Dopo mesi di stallo (per il referendum) e la promessa di Calenda (“diventerà legge”), il DdL Concorrenza è ancora fermo a Palazzo Madama. Perché?
C’era una volta il progetto del Governo Renzi di promuovere lo sviluppo della concorrenza. Il Disegno di Legge viene approvato in Consiglio dei Ministri il 20 febbraio 2015 e presentato alle Camere il 3 aprile successivo.
Dopo innumerevoli modifiche, soprattutto per sottrazione, il provvedimento viene votato a Montecitorio il 7 ottobre 2015 e trasmesso al Senato.
A Palazzo Madama il testo governativo subisce nuove amputazioni durante i lavori in Commissione Industria, perdendo buona parte della sua futura efficacia.

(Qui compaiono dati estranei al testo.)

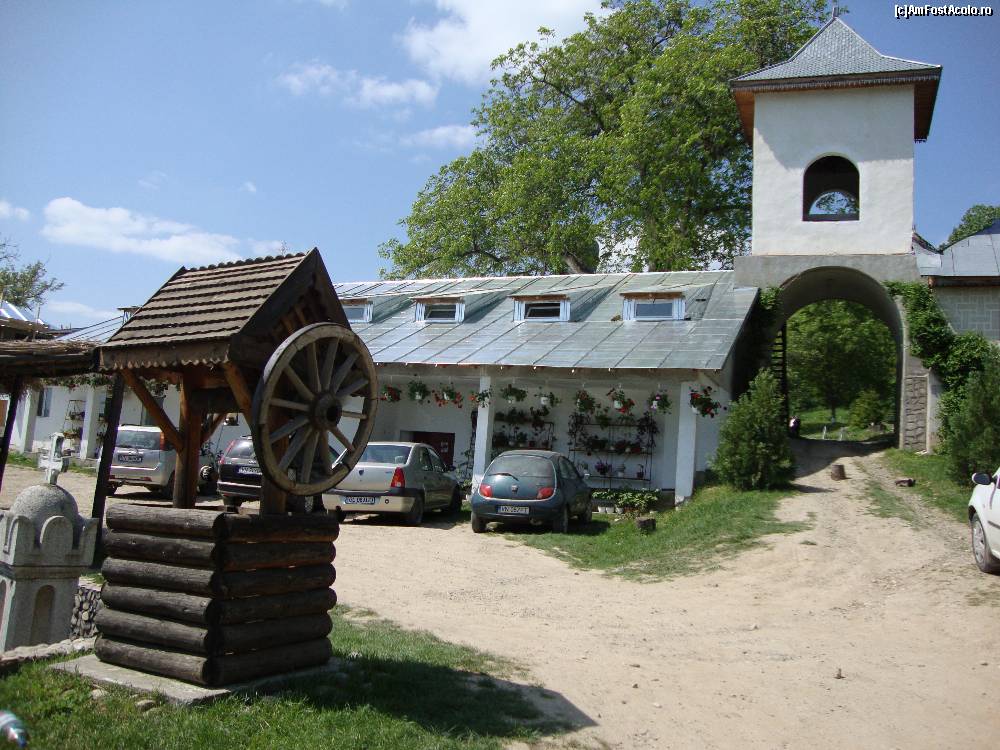 Copilul a fugit la Manastirea Varzaresti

E dopo quasi un anno di esame, il 2 agosto del 2016, la Commissione licenzia il testo trasmettendolo all’Aula.
Sarebbe a questo punto lecito aspettarsi una repentina chiusura nel mese di settembre, al rientro dalla pausa estiva, per poi permettere alla Camera di fare un ultimo veloce passaggio in vista della definitiva approvazione, e invece no. Il Governo fissa al 4 dicembre la data per la celebrazione del referendum costituzionale, e il Concorrenza finisce su un binario morto. Il DdL che avrebbe dovuto dare una decisa e decisiva spinta all’economia italiana sparisce dall’agenda di Esecutivo e Parlamento. La Conferenza dei Capigruppo del Senato non la inserisce nel calendario dei lavori, con la motivazione non detta di non “disturbare” la campagna referendaria: troppo importante agevolare l’approvazione della riforma costituzionale evitando di alterare il clima sociale con le inevitabili tensioni che scaturirebbero dallo scardinamento di numerose rendite di posizione.

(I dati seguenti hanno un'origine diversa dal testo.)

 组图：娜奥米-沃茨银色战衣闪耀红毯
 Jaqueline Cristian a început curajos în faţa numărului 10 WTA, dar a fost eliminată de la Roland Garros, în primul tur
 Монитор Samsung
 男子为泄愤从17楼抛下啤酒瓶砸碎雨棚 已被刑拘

I piani del Governo saltano. Il 4 dicembre i cittadini dicono No alla riforma della Costituzione, Renzi si dimette aprendo una crisi di governo che viene risolta con Paolo Gentiloni a Palazzo Chigi e la riproposizione pressoché integrale della compagine ministeriale dell’Esecutivo dimissionario.
Carlo Calenda resta così ministro dello Sviluppo economico, principale Dicastero interessato al DdL Concorrenza. Calenda non ama – e non ne ha mai fatto mistero – il provvedimento figlio della gestione dell’ex ministro Guidi, ma decide di supportarlo pubblicamente: “poteva essere più ambizioso, ma va approvato perché ci sono comunque provvedimenti utili e per serietà”.

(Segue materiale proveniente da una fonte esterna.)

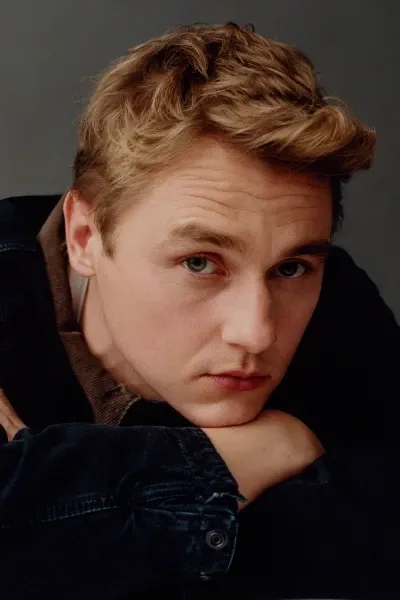 Ben Hardy photo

Siamo a gennaio 2017, l’onda del referendum sembra passare con una certa lentezza, Governo e maggioranza ribadiscono l’impegno a far ripartire l’esame del DdL Concorrenza, è lecito attendersi un’accelerazione. L’attesa accelerazione non c’è, probabilmente influiscono in negativo anche la confusione interna al Pd e i venti di elezioni anticipate, ma la Capigruppo di Palazzo Madama calendarizza comunque il provvedimento tra il 21 febbraio e il 2 marzo.
Intanto scoppia la protesta dei tassisti, che scioperano per sei giorni contro una norma del DL Milleproroghe. La parola “concorrenza” torna prepotente in tutti i dibattiti politici. Il 21 febbraio, al termine di un confronto Governo-relatori, il Sen. Salvatore Tomaselli (Pd) dichiara che “l’intenzione politica è quella di far arrivare il testo all’Aula giovedì 2 marzo”. Sembra fatta. Ma una nuova Capigruppo stabilisce che la data prevista per l’avvio dei lavori in Aula sul Concorrenza è martedì 7 marzo. Vedremo se questa sarà la volta buona, oppure se nuovamente le aspettative saranno state malriposte. A tutto questo si deve aggiungere la richiesta della Sen. Linda Lanzillotta (PD) di riaprire i termini per la presentazione di emendamenti, chiusi il 12 settembre 2016. Sembra un film già visto, “La storia infinita”.